Another thing: look at the response times in the graphs.

Like they say, “only believe 50% of the statistics you read”.

EDIT added Feb 22, 2013:

I wrote this before I knew how NetApp tested the EMC gear. The tests for the Clariion were audited by the SPC-1 auditors, and only the best results were shown. MetaLUNs and write caching were both tried but resulted in slower results. EMC was given an opportunity to have the results not published, and after publication they were again given an opportunity to pull the test, neither of which were done. SPC-1 just proved to be an unfriendly workload for the Clariion, that’s all.

To this day EMC is a member of SPC yet has no submissions as of Feb 22, 2013.

D

18 Replies to “NetApp posts SPC-1 results”

  1. 1) various read/write cache setting were used and what was ultimately submitted was the best result that we could obtained after several runs and configs.

    2) seperate spindles were used for the snapshot area. This is shown towards the End of the full disclosure document where the LUNs and Raid groups are created

    3) NetApp tested metaluns as well but the results did not provide material changes compared the ones sumbitted. As you may or may not know congiguring a box full of metaLUNs is NOT an EMC best practice but more importantly as stated on pg. 16 of EMC’s Flare 26 best practices guide, metaLUNs are not used to provide a performance boost since MetaLUNs do not cause an increase in parallelism and multi-threading.

    Ceia sou
    Nick

  2. Hi Nick,

    Thanks for tackling one part of my question. The bigger question though still remains – what I’m most interested in is finding how NetApp boxes degrade over time and depending on what they’re doing (i.e. when used with all the features they’re capable of).

    Regarding the EMC config part:

    A CX3-40F should probably have been used (double the back-end throughput, exact same price but you lose iSCSI) given the number of drives. If you talk to EMC employees that are part of their performance group, their recommendations typically don’t quite match what one may find online or in the manuals. The “best practices” are pretty generic. The EMC people I’ve met would not have configured the box this way. Maybe it would be a good idea to invite them and let them configure it and re-run the benchmarks? I’m sure they’ll be game. That way, each box will have been configured by the company that makes it. Any other way is suspect in the eyes of consumers.

    How does that saying go again? “The Caesar’s wife must also appear virtuous, not merely be virtuous”. The less reason you give anyone to critique your results, the more successful you’ve been.

    Another question: exactly how many spindles were used for the EMC snapshot area?
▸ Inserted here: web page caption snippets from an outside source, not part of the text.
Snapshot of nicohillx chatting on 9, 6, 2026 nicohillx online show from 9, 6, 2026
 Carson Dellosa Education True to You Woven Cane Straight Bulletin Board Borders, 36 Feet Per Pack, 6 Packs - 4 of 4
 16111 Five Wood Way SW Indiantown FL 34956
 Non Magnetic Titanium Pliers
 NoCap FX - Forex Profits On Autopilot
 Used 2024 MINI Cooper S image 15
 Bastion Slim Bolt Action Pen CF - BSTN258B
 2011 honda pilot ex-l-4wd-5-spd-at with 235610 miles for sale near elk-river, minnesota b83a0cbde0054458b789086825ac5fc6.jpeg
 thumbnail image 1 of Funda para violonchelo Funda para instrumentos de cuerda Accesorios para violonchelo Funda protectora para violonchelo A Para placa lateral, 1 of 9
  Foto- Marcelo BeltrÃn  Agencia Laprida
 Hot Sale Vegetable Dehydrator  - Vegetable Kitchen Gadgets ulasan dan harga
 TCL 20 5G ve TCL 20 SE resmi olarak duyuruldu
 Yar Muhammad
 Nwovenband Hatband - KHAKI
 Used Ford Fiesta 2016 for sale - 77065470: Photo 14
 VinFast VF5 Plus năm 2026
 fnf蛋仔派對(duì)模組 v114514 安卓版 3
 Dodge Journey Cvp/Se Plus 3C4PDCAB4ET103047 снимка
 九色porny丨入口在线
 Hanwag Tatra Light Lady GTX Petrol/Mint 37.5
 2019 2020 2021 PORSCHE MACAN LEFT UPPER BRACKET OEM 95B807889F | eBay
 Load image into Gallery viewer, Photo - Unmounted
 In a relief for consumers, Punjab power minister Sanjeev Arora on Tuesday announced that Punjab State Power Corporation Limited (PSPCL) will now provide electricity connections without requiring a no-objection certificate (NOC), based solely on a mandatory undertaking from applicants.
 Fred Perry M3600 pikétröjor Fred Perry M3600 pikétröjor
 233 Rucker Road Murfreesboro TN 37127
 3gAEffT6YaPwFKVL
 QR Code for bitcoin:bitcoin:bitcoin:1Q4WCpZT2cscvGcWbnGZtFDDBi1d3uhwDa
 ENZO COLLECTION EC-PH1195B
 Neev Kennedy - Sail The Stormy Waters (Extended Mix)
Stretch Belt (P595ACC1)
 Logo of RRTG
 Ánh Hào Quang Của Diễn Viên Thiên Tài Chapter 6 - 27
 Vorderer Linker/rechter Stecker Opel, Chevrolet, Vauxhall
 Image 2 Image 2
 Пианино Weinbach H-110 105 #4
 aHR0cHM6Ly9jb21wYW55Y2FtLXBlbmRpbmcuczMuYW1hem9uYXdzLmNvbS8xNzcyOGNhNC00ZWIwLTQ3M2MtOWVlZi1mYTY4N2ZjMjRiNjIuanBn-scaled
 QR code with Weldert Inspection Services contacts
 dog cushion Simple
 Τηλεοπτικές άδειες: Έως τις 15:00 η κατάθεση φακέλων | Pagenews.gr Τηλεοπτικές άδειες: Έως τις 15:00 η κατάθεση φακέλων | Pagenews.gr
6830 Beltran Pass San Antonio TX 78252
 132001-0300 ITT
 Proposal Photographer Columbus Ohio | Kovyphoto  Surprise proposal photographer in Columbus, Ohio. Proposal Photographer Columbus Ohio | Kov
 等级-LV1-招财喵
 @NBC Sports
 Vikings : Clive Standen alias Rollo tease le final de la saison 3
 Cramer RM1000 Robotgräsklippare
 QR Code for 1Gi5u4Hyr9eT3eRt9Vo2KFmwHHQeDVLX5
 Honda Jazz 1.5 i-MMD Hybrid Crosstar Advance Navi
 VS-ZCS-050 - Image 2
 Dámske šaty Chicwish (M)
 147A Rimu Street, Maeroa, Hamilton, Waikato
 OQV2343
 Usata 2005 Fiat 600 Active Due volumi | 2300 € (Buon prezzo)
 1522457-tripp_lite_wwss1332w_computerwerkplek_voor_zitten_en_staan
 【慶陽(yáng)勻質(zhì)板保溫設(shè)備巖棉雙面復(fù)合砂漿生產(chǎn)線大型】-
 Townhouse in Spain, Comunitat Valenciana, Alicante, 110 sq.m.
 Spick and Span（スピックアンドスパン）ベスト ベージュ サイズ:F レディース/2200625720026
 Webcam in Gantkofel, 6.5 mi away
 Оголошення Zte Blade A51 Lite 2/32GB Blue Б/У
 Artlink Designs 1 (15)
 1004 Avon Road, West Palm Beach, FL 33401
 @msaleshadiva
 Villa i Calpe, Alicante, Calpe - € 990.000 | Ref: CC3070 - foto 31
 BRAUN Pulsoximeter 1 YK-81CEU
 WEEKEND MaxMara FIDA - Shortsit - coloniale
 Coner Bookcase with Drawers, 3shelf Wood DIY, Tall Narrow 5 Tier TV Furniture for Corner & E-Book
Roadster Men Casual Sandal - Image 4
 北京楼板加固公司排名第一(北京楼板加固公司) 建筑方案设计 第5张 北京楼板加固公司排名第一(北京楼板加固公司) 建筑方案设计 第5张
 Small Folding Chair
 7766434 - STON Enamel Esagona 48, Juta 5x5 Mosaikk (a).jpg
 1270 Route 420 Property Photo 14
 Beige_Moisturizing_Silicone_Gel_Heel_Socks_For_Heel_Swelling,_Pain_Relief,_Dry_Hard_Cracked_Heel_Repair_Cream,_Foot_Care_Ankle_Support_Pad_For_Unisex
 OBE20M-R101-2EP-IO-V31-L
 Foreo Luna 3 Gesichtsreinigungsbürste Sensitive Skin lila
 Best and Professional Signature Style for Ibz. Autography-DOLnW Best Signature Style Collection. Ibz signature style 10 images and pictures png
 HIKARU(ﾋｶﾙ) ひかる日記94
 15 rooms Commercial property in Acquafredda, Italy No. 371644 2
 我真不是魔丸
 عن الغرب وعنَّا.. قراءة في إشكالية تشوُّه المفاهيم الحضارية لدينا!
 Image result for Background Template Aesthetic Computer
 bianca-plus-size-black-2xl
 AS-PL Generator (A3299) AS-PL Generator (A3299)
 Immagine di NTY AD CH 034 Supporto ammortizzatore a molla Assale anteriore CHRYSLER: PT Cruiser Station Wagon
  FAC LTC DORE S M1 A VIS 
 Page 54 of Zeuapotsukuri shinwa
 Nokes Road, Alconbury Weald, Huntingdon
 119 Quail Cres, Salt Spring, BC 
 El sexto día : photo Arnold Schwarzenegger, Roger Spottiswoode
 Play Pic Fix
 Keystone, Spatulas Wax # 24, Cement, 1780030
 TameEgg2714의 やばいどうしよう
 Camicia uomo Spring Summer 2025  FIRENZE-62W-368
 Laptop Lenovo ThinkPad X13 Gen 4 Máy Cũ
How many for the NetApp snapshot area?

    Reading the disclosure, it seems that 30 LUNs were used in EMC’s case – but are these separate SPINDLES from the rest of the data?

    Was the striping done properly so spindles were not stepping on each other?

    What bears mentioning is that EMC and NetApp do snapshots entirely differently, as well. NetApp doesn’t do a copy-on-first-write, but their approach (EMC and others say) screws up performance long-term due to fragmentation.

    Take care,

    D

  3. Dimitri,

    The number of spindles used in the CX is part of full disclosure report towards the end. All the data is there.

    Furthermore, it is important to note that as part of the SPC 1 rules, when publishing someone elses results there’s provision that requires a 60 day review period where the vendor can challenge the results or *any* member, *before* the result is officially accepted. EMC were notified of this by the auditor himself and *did not* challenge.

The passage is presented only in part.